Saved entries
╭──

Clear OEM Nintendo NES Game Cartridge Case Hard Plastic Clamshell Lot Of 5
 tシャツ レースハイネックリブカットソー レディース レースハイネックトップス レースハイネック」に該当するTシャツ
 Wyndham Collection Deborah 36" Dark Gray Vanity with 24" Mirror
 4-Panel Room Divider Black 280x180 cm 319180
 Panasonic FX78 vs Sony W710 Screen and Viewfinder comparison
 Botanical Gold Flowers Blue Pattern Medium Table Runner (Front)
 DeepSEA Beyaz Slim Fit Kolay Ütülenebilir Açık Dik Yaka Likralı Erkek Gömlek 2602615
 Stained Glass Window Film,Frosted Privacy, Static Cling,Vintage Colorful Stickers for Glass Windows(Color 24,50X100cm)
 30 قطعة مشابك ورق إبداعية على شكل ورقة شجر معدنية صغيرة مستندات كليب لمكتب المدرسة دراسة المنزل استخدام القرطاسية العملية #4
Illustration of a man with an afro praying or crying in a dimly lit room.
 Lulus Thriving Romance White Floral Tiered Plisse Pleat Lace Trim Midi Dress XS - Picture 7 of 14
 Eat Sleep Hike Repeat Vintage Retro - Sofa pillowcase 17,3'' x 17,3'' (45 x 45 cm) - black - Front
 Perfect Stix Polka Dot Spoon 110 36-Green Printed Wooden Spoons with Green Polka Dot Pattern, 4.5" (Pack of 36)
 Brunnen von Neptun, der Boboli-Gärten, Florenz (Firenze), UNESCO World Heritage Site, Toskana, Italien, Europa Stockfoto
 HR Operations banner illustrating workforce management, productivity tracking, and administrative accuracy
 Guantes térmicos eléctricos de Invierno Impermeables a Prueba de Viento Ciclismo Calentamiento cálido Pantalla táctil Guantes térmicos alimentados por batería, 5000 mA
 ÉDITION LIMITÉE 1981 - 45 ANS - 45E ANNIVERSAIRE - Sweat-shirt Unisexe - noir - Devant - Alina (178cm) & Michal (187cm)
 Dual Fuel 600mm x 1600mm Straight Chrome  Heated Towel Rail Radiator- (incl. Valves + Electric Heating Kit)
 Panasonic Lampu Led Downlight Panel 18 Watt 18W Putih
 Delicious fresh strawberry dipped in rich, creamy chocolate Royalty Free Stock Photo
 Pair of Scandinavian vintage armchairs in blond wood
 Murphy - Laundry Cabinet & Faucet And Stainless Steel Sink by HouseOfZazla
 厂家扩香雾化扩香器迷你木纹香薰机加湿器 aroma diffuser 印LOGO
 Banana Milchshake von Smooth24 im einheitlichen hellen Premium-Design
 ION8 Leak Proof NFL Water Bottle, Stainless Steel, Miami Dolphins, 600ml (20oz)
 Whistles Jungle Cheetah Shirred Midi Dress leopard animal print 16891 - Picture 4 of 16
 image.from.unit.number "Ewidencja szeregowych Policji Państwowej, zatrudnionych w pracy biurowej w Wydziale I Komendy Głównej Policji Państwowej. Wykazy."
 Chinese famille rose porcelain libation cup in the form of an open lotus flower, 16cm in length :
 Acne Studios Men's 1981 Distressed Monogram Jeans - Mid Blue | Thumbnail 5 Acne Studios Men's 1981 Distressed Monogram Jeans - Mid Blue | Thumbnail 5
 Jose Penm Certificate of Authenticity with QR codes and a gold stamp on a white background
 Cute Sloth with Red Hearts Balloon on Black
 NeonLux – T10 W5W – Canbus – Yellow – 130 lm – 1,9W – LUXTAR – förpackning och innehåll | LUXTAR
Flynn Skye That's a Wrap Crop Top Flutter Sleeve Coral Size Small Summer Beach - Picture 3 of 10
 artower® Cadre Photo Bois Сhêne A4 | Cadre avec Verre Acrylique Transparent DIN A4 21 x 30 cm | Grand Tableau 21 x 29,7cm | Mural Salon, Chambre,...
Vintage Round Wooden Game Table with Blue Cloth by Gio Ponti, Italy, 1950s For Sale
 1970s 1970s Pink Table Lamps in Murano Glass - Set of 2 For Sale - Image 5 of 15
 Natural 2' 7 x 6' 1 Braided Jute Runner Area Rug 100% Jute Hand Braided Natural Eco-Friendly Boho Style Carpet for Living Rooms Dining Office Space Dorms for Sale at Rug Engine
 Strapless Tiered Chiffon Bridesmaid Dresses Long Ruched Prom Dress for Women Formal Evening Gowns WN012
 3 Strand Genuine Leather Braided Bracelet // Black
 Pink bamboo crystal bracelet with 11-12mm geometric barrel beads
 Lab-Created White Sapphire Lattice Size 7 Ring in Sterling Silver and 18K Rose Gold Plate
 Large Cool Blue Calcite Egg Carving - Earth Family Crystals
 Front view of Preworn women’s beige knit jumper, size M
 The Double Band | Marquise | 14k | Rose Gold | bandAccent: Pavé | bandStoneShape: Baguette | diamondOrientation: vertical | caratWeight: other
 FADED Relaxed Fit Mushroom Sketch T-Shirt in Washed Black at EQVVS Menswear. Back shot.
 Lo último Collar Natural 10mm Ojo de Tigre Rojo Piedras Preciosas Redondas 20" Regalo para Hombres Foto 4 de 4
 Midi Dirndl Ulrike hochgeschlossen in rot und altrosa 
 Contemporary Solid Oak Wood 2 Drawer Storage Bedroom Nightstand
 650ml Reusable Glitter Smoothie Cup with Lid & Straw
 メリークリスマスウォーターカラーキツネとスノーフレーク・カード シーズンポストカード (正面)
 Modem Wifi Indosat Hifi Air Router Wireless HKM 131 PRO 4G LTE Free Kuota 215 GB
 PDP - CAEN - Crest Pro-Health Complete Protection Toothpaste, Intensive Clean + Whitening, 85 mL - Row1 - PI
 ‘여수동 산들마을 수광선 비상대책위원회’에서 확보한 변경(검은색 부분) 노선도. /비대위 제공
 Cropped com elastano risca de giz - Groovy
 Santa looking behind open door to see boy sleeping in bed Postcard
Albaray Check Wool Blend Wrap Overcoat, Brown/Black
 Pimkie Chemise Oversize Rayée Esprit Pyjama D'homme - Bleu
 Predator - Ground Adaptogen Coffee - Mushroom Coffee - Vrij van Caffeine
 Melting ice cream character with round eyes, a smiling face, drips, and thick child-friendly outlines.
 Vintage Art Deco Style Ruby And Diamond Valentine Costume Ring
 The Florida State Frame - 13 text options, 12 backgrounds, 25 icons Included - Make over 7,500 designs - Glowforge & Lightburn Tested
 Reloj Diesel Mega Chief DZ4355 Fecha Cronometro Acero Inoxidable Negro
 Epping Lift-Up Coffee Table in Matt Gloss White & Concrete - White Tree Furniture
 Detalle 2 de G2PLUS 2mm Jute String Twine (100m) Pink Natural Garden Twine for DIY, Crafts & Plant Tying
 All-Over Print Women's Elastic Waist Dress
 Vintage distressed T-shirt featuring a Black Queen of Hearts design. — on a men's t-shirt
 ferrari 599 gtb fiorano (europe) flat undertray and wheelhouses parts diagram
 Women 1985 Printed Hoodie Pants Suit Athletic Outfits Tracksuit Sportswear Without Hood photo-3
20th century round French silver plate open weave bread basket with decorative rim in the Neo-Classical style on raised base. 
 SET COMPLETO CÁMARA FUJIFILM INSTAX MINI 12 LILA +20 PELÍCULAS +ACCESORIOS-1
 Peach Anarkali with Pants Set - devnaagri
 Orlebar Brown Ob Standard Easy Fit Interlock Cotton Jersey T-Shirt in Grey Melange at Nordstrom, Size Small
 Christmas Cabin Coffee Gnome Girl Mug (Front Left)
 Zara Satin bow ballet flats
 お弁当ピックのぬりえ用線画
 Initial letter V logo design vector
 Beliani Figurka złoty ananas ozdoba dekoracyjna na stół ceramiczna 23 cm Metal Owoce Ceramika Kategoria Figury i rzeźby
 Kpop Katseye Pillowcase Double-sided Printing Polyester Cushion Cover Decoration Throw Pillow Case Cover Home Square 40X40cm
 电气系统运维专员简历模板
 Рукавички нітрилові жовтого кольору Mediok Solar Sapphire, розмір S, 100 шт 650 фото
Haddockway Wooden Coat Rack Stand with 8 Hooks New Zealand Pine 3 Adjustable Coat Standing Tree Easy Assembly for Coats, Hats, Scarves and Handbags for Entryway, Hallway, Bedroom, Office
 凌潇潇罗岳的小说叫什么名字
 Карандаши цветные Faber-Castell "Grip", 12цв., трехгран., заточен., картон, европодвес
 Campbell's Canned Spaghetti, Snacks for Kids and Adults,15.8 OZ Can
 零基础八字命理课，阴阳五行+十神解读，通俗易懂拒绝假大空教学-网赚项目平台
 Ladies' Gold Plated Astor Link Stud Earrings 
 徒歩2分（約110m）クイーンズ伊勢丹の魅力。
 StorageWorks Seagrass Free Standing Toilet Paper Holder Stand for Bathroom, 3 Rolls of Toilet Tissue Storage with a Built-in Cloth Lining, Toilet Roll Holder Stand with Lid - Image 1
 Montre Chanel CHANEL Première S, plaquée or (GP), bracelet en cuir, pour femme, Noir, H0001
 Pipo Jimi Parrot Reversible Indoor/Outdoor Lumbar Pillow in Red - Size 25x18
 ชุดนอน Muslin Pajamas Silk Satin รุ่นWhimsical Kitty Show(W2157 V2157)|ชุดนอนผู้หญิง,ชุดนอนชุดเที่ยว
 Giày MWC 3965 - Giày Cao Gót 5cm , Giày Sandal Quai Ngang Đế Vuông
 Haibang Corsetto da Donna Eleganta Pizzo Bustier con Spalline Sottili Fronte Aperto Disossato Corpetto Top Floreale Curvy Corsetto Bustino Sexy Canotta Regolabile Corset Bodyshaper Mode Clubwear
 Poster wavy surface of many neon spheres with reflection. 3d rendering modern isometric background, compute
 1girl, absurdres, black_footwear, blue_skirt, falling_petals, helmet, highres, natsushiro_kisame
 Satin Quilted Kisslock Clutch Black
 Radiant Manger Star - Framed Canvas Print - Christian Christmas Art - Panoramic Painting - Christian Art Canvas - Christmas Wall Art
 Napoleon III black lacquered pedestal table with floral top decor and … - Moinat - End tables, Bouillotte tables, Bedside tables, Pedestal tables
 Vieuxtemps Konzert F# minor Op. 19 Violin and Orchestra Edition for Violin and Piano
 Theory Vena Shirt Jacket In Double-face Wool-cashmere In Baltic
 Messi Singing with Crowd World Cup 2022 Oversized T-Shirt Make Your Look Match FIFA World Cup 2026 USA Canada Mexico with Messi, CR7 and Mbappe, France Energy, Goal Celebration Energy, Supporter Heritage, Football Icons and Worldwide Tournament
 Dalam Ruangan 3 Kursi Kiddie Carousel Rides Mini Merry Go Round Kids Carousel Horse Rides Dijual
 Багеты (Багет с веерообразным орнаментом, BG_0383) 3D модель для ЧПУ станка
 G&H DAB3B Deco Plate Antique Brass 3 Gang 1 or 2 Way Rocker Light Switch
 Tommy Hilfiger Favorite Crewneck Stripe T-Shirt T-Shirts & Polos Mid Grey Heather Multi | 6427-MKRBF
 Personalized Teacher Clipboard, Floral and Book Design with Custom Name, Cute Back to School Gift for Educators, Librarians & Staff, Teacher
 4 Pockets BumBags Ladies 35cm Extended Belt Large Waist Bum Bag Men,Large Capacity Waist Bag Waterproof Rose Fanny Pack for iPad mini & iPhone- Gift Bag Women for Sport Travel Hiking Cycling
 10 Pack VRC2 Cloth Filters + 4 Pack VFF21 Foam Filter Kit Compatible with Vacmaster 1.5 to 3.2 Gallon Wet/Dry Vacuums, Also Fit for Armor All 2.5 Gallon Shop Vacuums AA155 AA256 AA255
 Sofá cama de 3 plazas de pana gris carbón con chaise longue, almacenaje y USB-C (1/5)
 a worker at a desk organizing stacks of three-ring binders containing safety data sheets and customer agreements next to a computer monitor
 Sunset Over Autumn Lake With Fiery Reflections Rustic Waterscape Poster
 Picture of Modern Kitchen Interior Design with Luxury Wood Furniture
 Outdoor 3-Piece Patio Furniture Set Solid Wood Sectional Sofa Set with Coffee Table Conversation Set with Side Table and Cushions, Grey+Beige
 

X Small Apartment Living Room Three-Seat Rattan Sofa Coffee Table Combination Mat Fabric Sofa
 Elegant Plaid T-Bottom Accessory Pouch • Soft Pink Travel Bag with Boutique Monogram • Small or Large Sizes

╰──

- [REQUIRED WORK]
Which lines above run from the one containing "Contemporary Solid Oak" down to the one containing "Epping Lift-Up Coffee"? Repeat exactly those, both ends included, and nothing else.

- [RESULT OF THIS TASK]
 Contemporary Solid Oak Wood 2 Drawer Storage Bedroom Nightstand
 650ml Reusable Glitter Smoothie Cup with Lid & Straw
 メリークリスマスウォーターカラーキツネとスノーフレーク・カード シーズンポストカード (正面)
 Modem Wifi Indosat Hifi Air Router Wireless HKM 131 PRO 4G LTE Free Kuota 215 GB
 PDP - CAEN - Crest Pro-Health Complete Protection Toothpaste, Intensive Clean + Whitening, 85 mL - Row1 - PI
 ‘여수동 산들마을 수광선 비상대책위원회’에서 확보한 변경(검은색 부분) 노선도. /비대위 제공
 Cropped com elastano risca de giz - Groovy
 Santa looking behind open door to see boy sleeping in bed Postcard
Albaray Check Wool Blend Wrap Overcoat, Brown/Black
 Pimkie Chemise Oversize Rayée Esprit Pyjama D'homme - Bleu
 Predator - Ground Adaptogen Coffee - Mushroom Coffee - Vrij van Caffeine
 Melting ice cream character with round eyes, a smiling face, drips, and thick child-friendly outlines.
 Vintage Art Deco Style Ruby And Diamond Valentine Costume Ring
 The Florida State Frame - 13 text options, 12 backgrounds, 25 icons Included - Make over 7,500 designs - Glowforge & Lightburn Tested
 Reloj Diesel Mega Chief DZ4355 Fecha Cronometro Acero Inoxidable Negro
 Epping Lift-Up Coffee Table in Matt Gloss White & Concrete - White Tree Furniture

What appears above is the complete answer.